__Problem description__
The answer must be every line from the listing that holds the string "also".

__Records for this exercise__

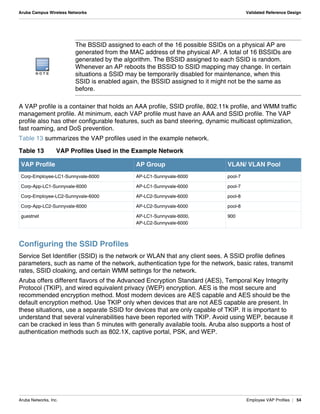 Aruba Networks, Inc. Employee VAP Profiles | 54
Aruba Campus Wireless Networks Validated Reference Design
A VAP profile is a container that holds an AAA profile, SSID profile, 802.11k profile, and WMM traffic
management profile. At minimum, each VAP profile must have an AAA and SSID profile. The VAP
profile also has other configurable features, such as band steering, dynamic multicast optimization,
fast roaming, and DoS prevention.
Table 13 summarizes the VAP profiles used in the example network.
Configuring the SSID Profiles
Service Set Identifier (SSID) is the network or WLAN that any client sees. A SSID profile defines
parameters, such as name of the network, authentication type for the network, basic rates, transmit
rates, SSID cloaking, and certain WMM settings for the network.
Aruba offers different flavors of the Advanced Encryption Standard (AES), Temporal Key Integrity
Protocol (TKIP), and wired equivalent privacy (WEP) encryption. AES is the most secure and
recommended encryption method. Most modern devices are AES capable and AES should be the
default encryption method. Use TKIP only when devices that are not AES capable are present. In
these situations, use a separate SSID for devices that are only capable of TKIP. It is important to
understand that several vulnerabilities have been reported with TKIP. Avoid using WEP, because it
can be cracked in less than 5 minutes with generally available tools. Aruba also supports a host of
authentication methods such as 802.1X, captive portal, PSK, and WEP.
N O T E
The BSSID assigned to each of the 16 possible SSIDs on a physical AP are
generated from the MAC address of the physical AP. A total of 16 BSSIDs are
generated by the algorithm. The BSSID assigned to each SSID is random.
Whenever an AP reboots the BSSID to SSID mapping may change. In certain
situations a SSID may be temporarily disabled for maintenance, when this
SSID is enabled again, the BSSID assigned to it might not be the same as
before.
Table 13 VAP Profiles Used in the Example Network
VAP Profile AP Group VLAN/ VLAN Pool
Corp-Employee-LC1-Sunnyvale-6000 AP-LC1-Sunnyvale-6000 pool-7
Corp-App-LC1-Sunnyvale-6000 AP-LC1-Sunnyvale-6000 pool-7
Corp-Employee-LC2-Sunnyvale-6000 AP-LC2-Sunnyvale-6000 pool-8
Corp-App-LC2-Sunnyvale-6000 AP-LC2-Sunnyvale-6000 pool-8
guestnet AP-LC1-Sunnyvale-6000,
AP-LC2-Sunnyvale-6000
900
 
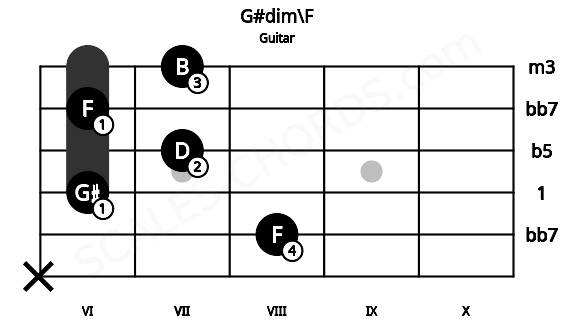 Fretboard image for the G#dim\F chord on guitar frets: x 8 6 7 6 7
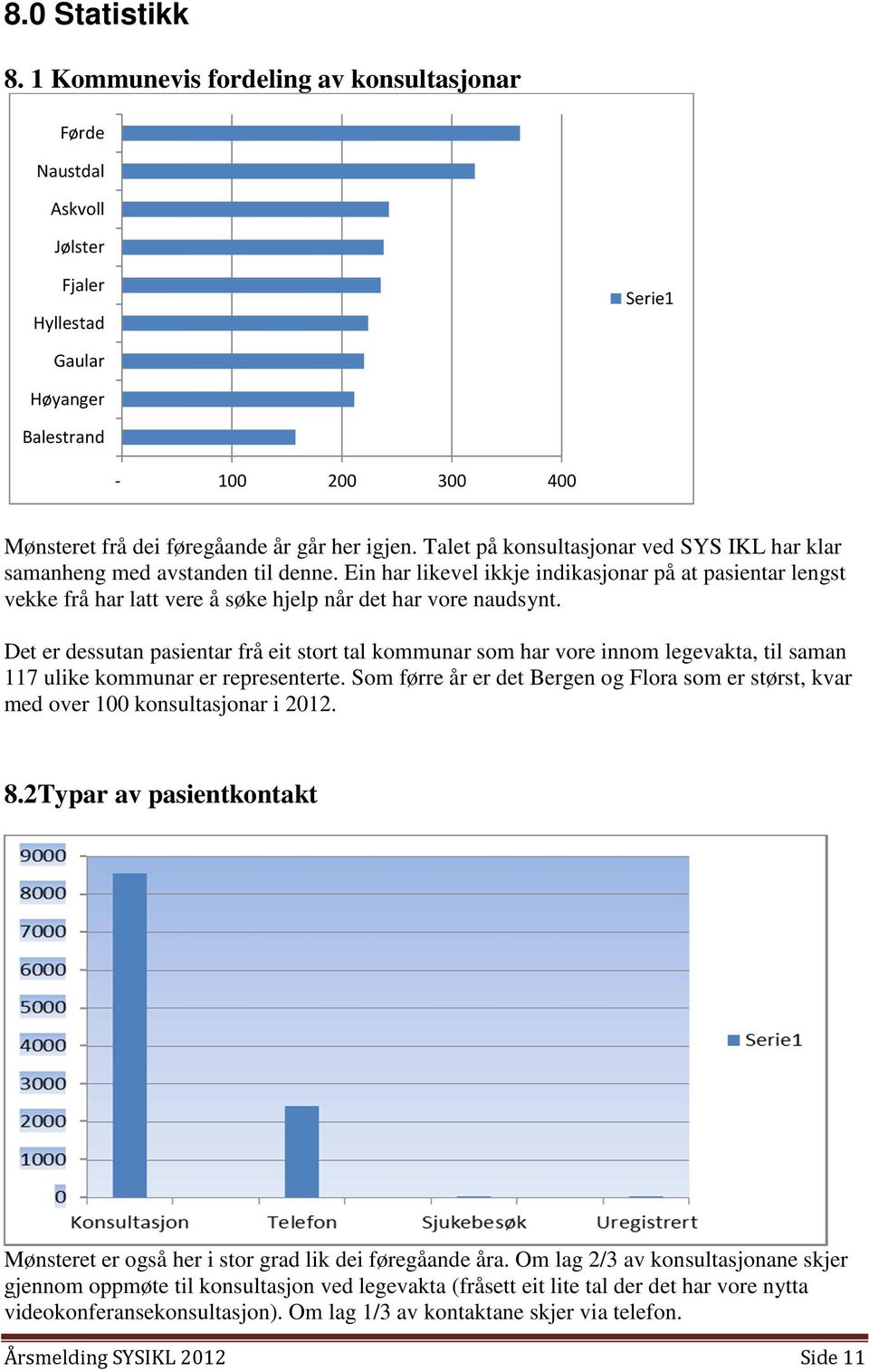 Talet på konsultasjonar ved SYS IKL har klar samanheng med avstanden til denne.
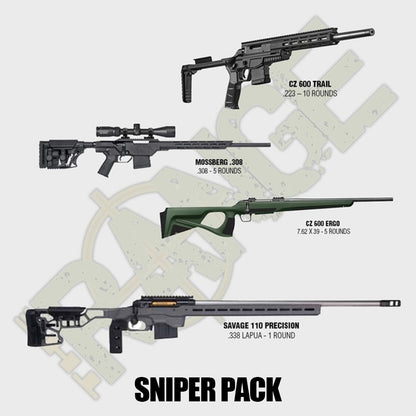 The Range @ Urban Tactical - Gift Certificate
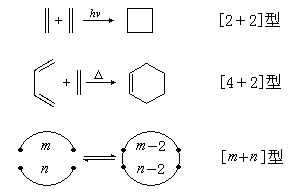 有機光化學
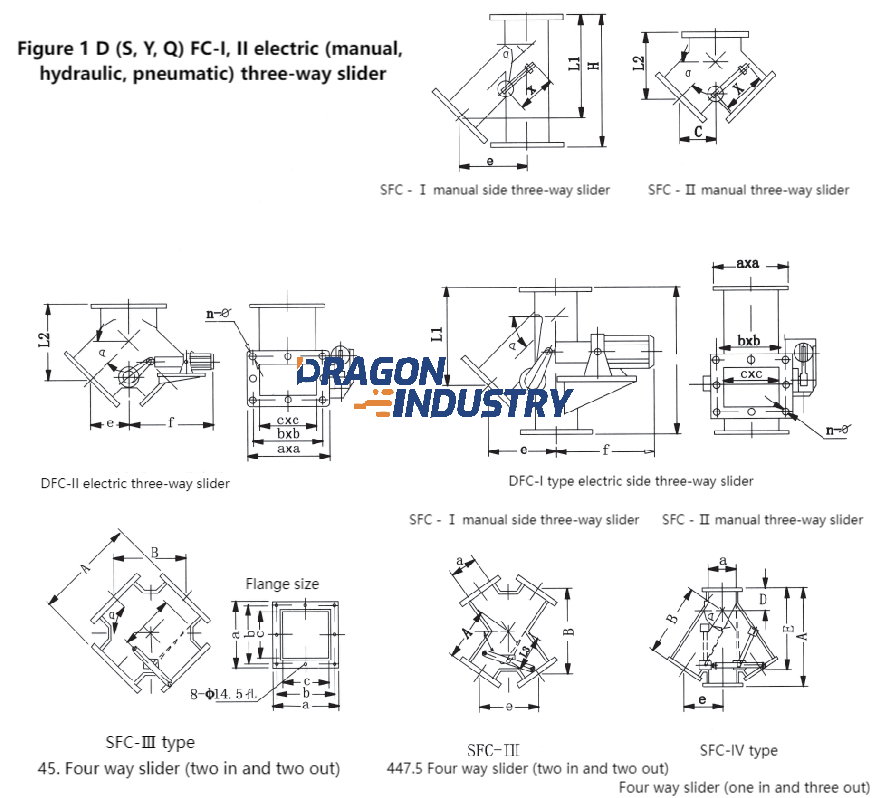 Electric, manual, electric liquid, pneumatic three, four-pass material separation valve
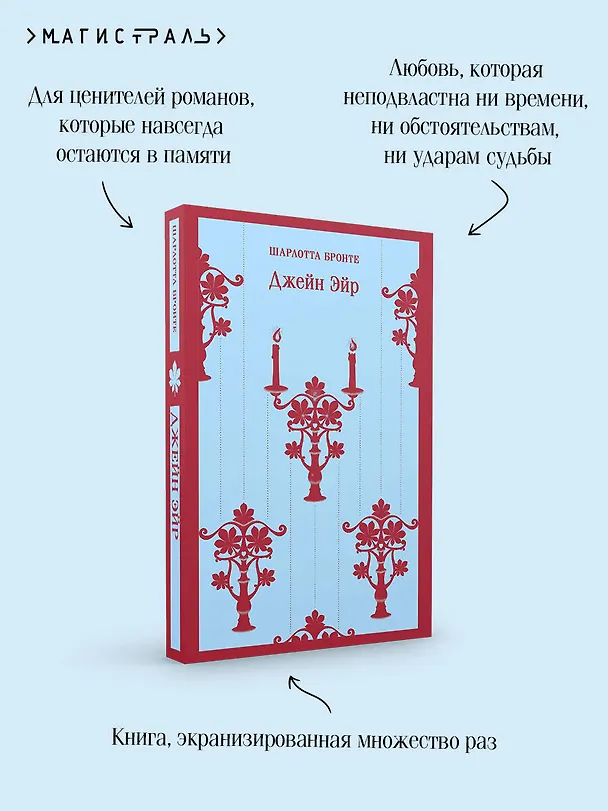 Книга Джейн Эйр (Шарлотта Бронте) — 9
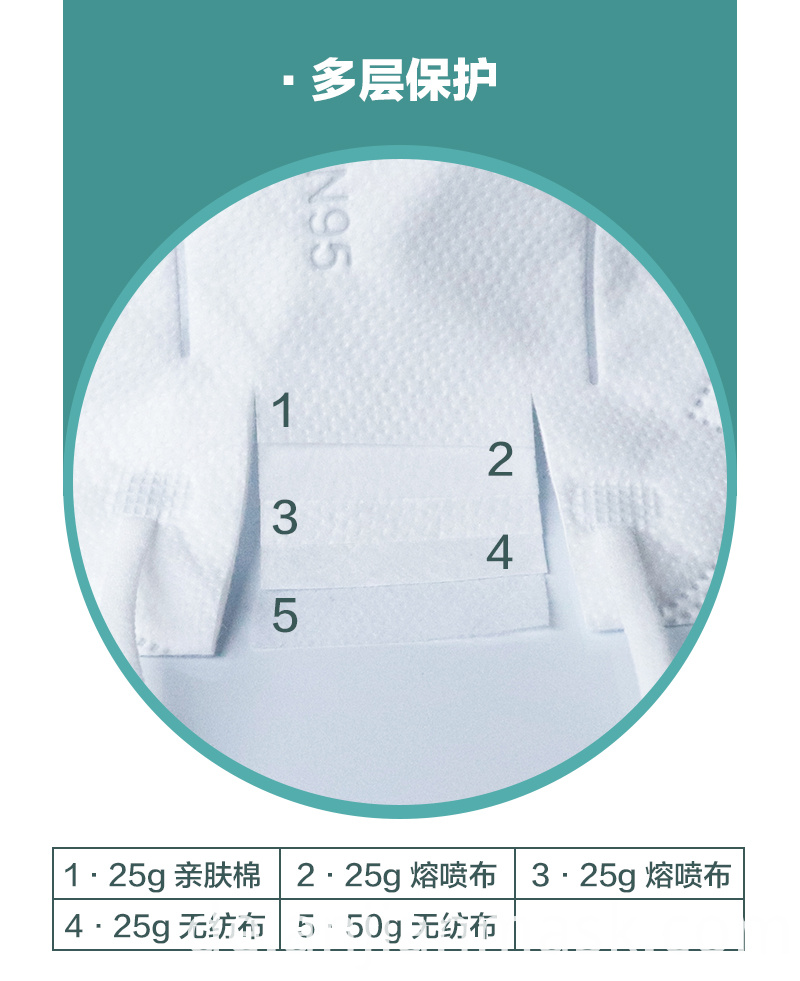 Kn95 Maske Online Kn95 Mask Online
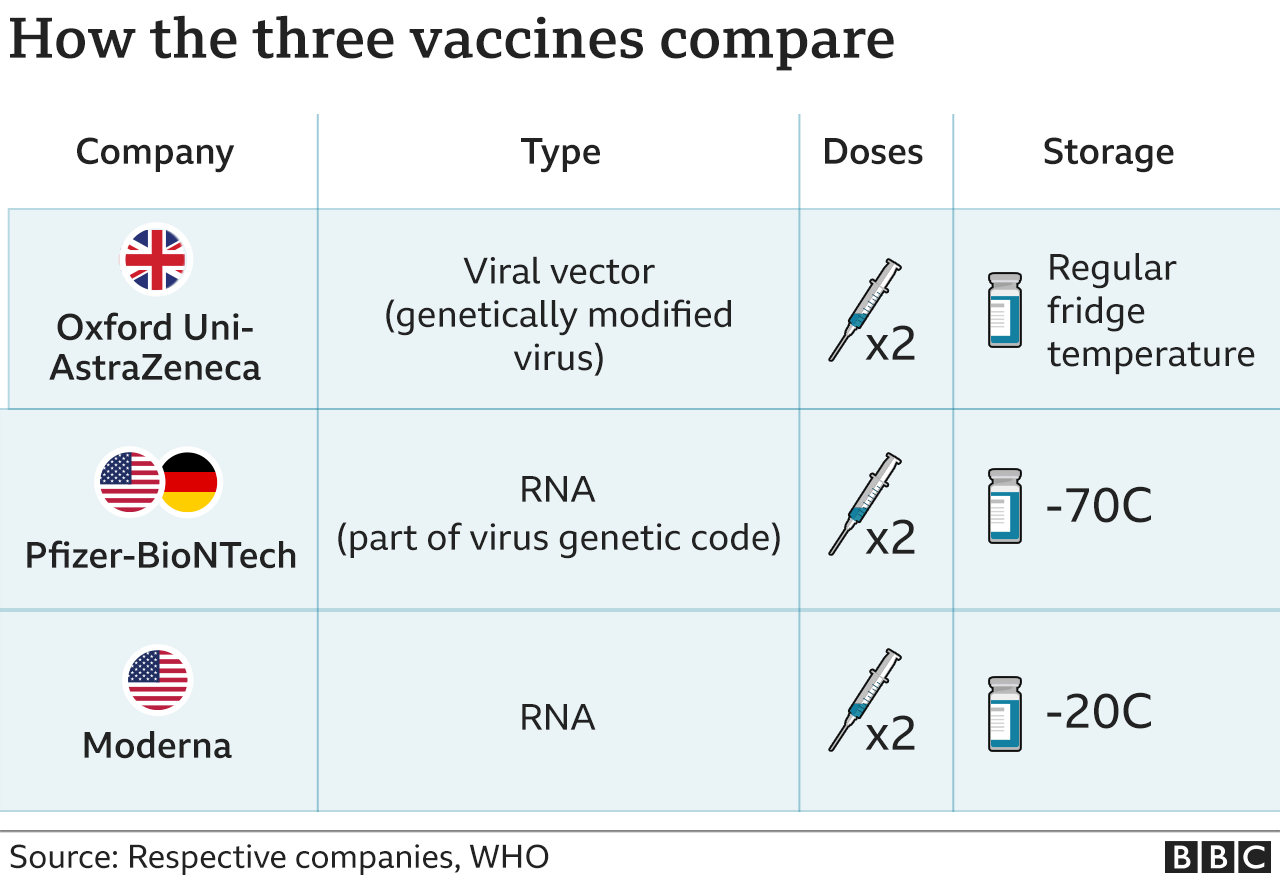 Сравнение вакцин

__Exercise solution__
profile also has other configurable features, such as band steering, dynamic multicast optimization,
can be cracked in less than 5 minutes with generally available tools. Aruba also supports a host of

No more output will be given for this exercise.